Your objective.
What you give back should be exactly the lines from the one with "Cerdos en una planta de carne." through the final line of the material, pictures removed; please add nothing.

Data provided.
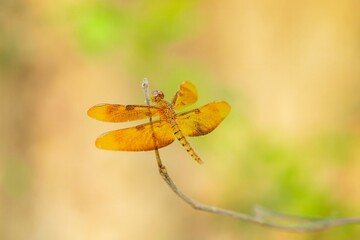 Vibrant Orange Dragonfly Perched Delicately on a Slender Twig, Showcasing Its Intricate Wing Patterns and Graceful Form Against a Soft, Natural Green and Gold Blurry Background in Bright Sunlight.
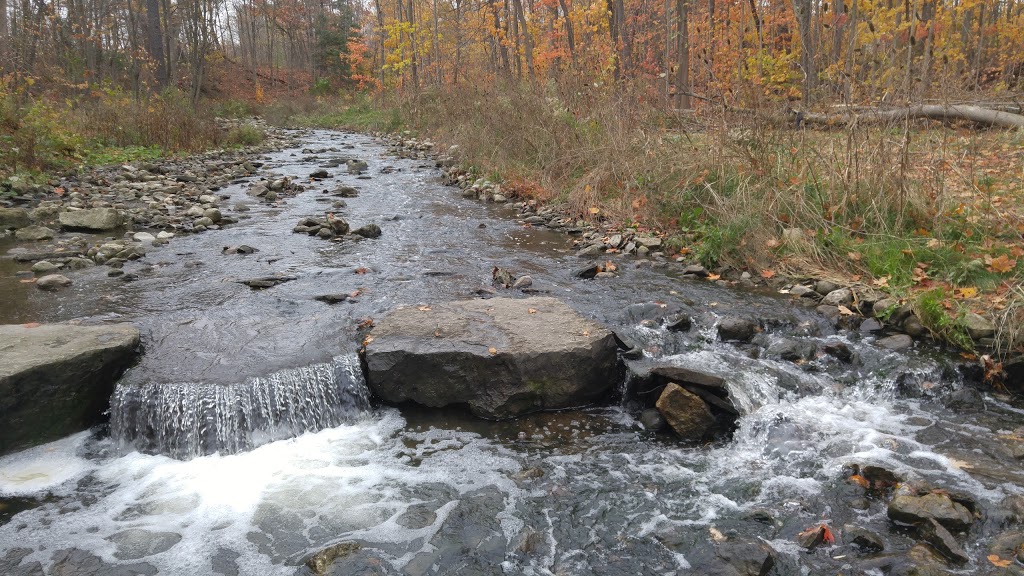 Sawmill Creek | 302 City Centre Dr, Mississauga, ON L5L 3A5, Canada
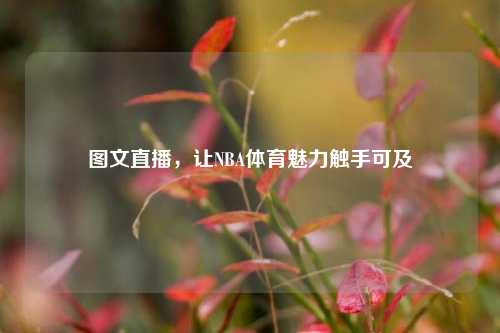 图文直播，让NBA体育魅力触手可及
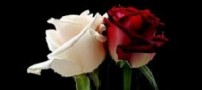 شعر جالب مهر می ورزیم…
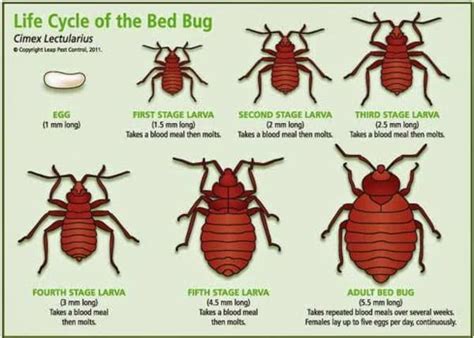 Bed Bugs And Their Stages In The Life Cycle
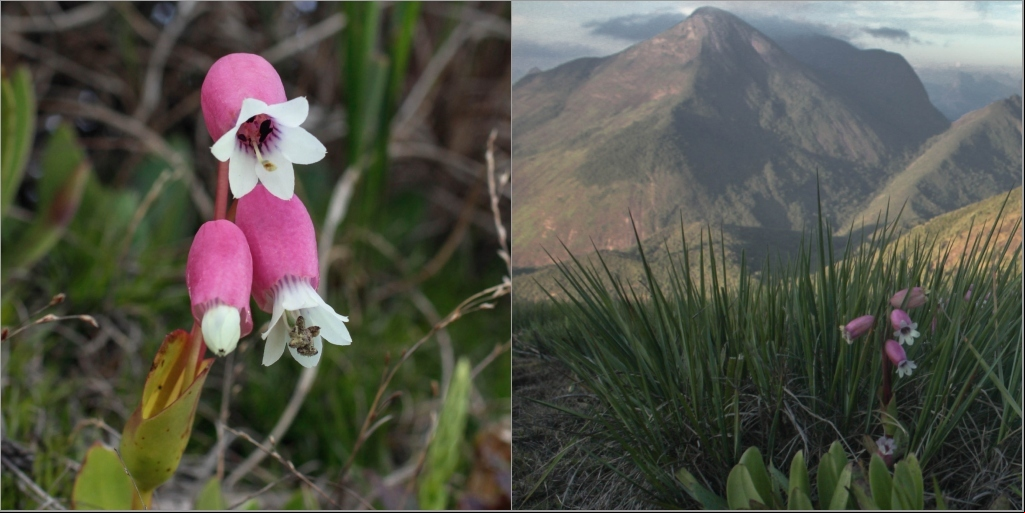 Espécie rara de flor que desabrocha durante o outono é encontrada no Parque Estadual dos Três Picos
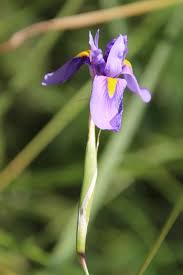 Image result for Moraea elliotii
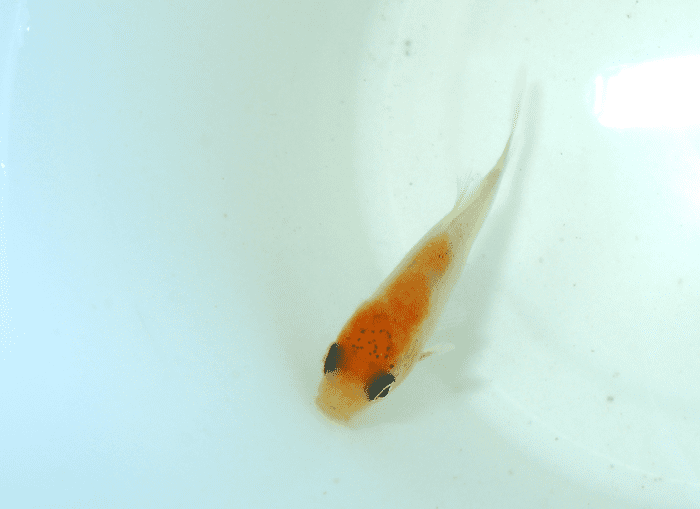 Gold Fish Fry And Their Colors A Transparent Shubunkin Page 2 Garden Pond Forums She was bred artificially in the process of selection.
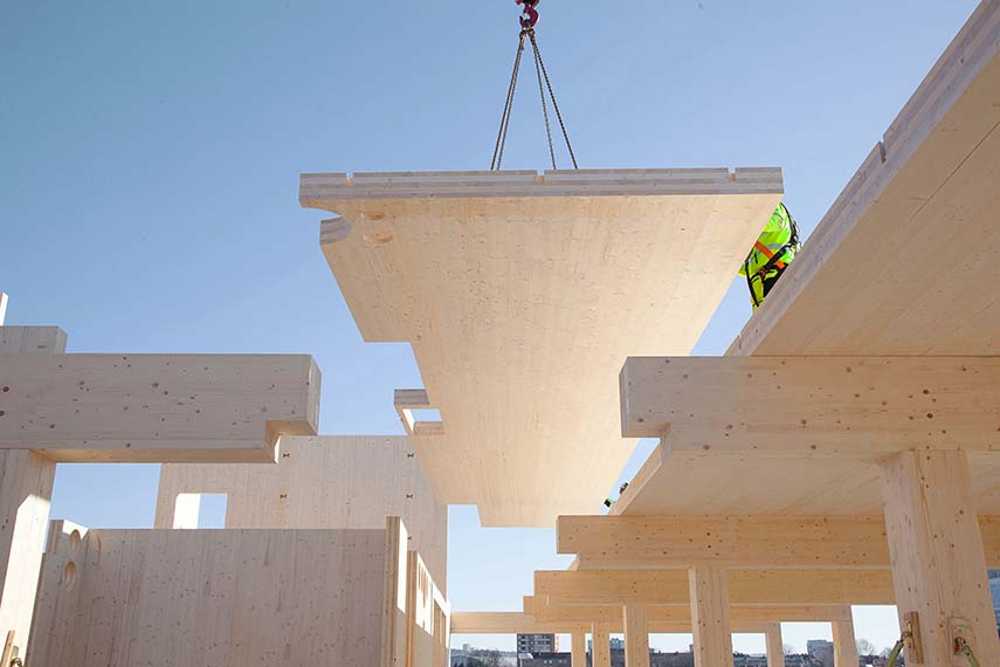 HasleTre: el edificio comercial desmontable y reciclable de madera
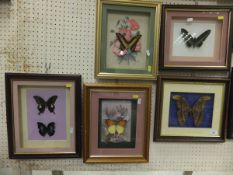 A collection of seven various framed and glazed exotic Butterflies and Moths etc   CONDITION REPORTS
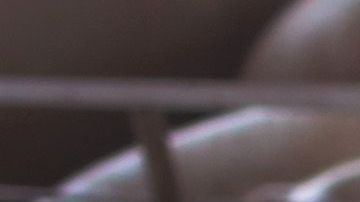 Cerdos en una planta de carne.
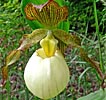 Cypripedium Gabriela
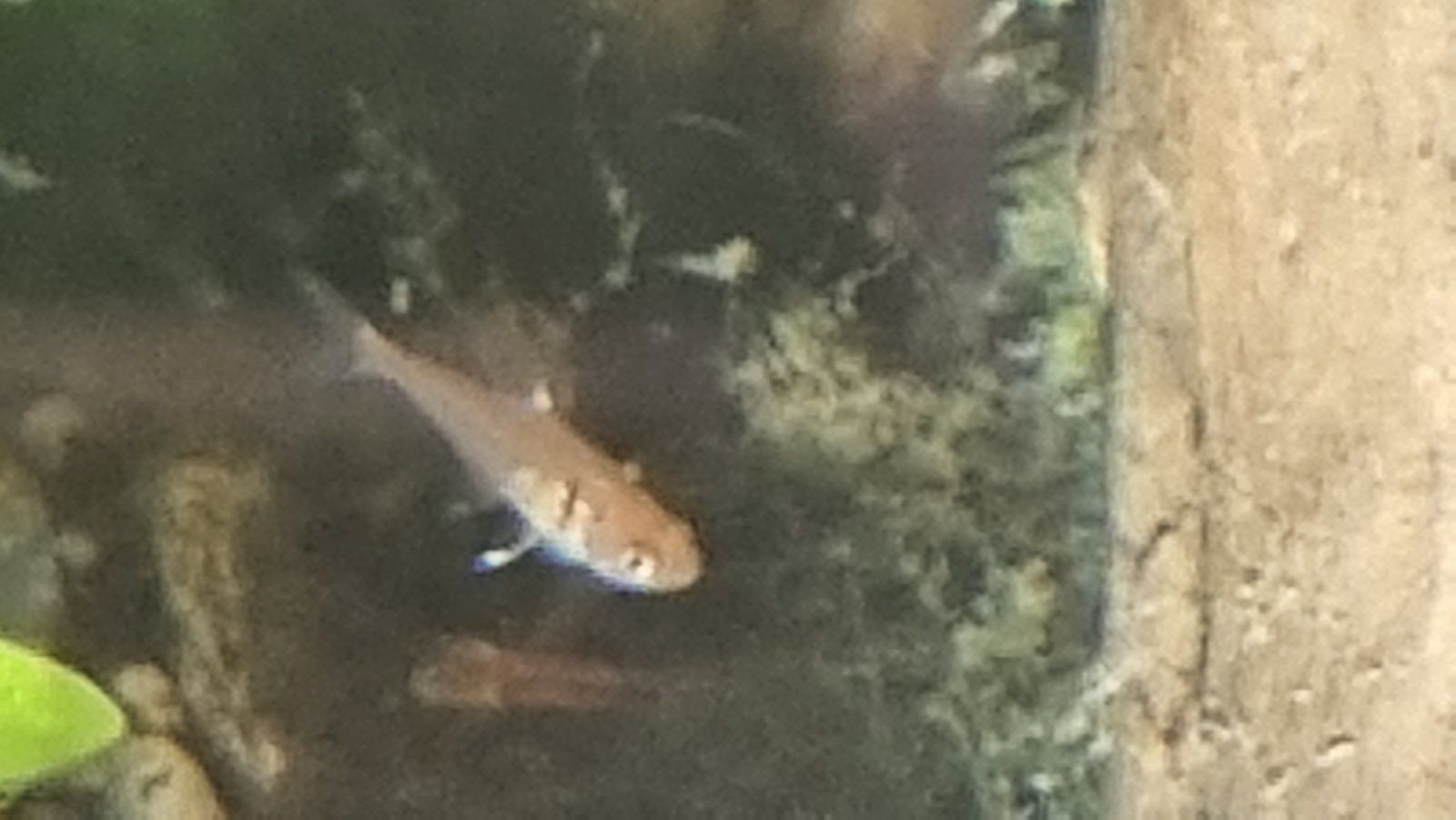 20220904_091542.jpg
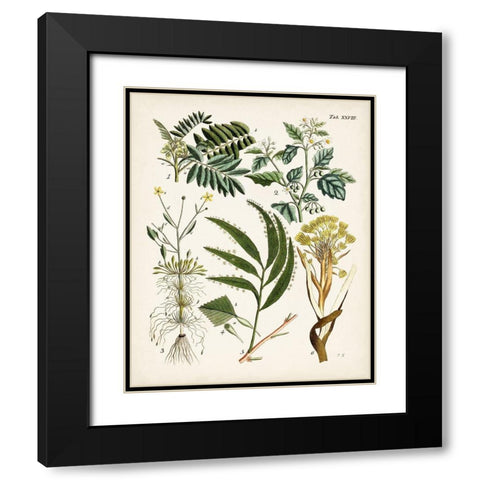 Fanciful Ferns I Black Modern Wood Framed Art Print with Double Matting by Unknown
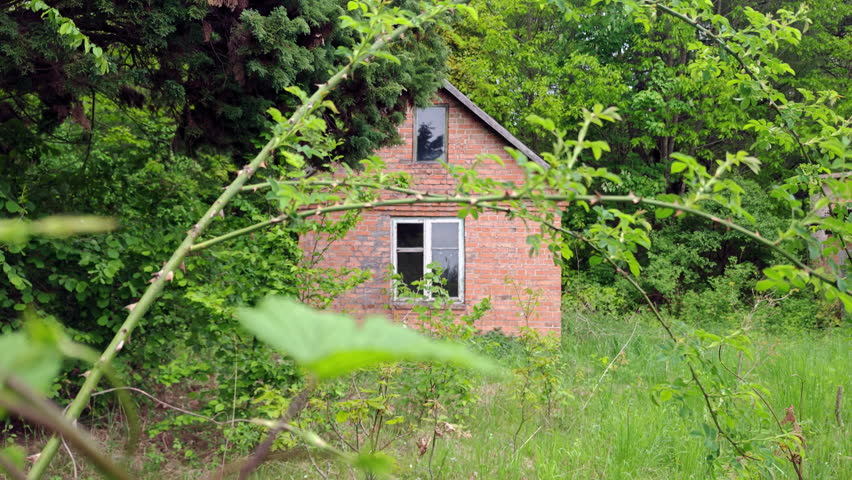 Old brick house with a slate roof surrounded by dense green forest.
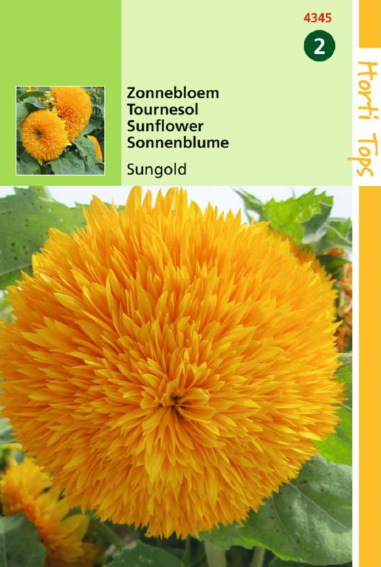 Sonnenblume Sungold High (Helianthus) 100 Samen HT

Problem solution.
 Cerdos en una planta de carne.
 Cypripedium Gabriela
 20220904_091542.jpg
 Fanciful Ferns I Black Modern Wood Framed Art Print with Double Matting by Unknown
 Old brick house with a slate roof surrounded by dense green forest.
 Sonnenblume Sungold High (Helianthus) 100 Samen HT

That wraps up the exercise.